Australian politician (1924–2008)

Max Edwin Teichmann (20 August 1924 – 29 November 2008) was an Australian academic and political commentator.

== Early years ==
Born in Melbourne to a German-born father, also Max, and an Adelaide-born mother, Kathleen, Teichmann grew up in the working-class suburb of Carlton during the Great Depression. After leaving school, he worked as a junior journalist, then in 1942 joined the Australian army and saw action in Papua New Guinea.

==Education==
After the war, as an ex-serviceman, he enrolled in the University of Melbourne where he embarked on an academic career. He won a scholarship to Balliol College, Oxford, United Kingdom where he was taught by Isaiah Berlin, Max Beloff and John Plamenatz. While in the United Kingdom, Teichmann became involved in left-wing politics, joining Britain's Labour Party and Campaign for Nuclear Disarmament. He married the philosopher Jenny Teichman.

==Political commentary==
In 1964, he returned to Australia and took up a post in the department of politics at Monash University. He became active in the anti-Vietnam War movement in Australia and counted among his friends leading Australian Labor Party identities such as Jim Cairns and Bill Hayden.
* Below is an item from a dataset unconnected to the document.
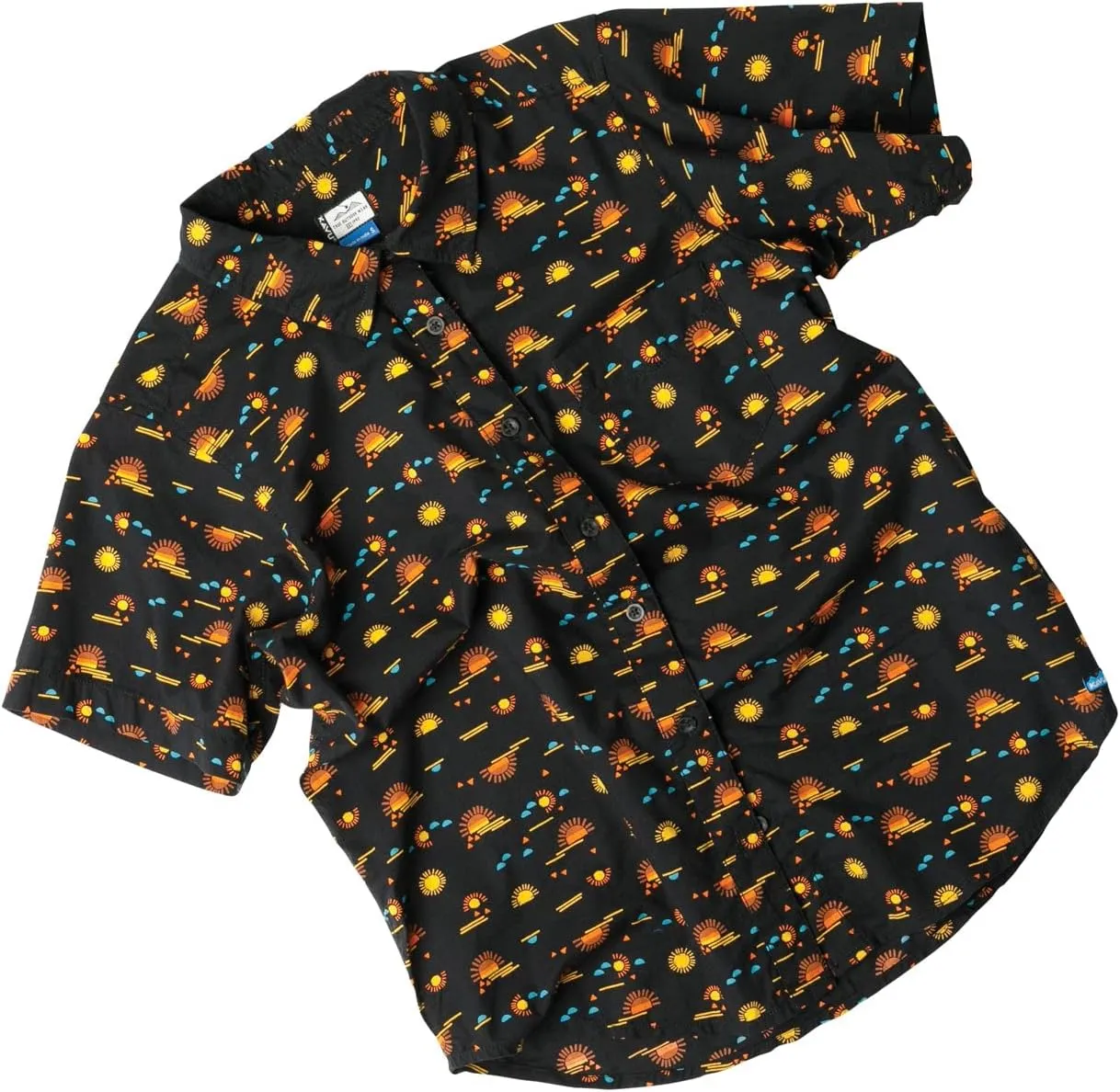 KAVU Girl Party Button Up Shirt - Boyfriend Fit Print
Teichmann later adopted more conservative views and he became a fierce critic of the Left in Australia. Writing in the Australian Financial Review on 19 July 1999, Christopher Pearson listed Teichmann as one of several contemporary Australian political commentators who had commenced on the Left but had become conservatives later on in their careers. Pearson asserted that "Teichmann's position evolved primarily in response to the Left". So much so that his "critique of parasitism in the institutional Left, old and new, made him a heretical presence at Monash".

==Columnist==
Teichmann retired from Monash in 1989. He went on to work as a regular columnist with The Adelaide Review from the mid-1990s until 2002. He also regularly wrote articles for Quadrant, News Weekly and National Observer up until his death in November 2008.

==Bibliography==

- Teichmann, Max (1966). "Aspects of Australia's defence"
- Teichmann, Max (1996). "The culture of the permanent election"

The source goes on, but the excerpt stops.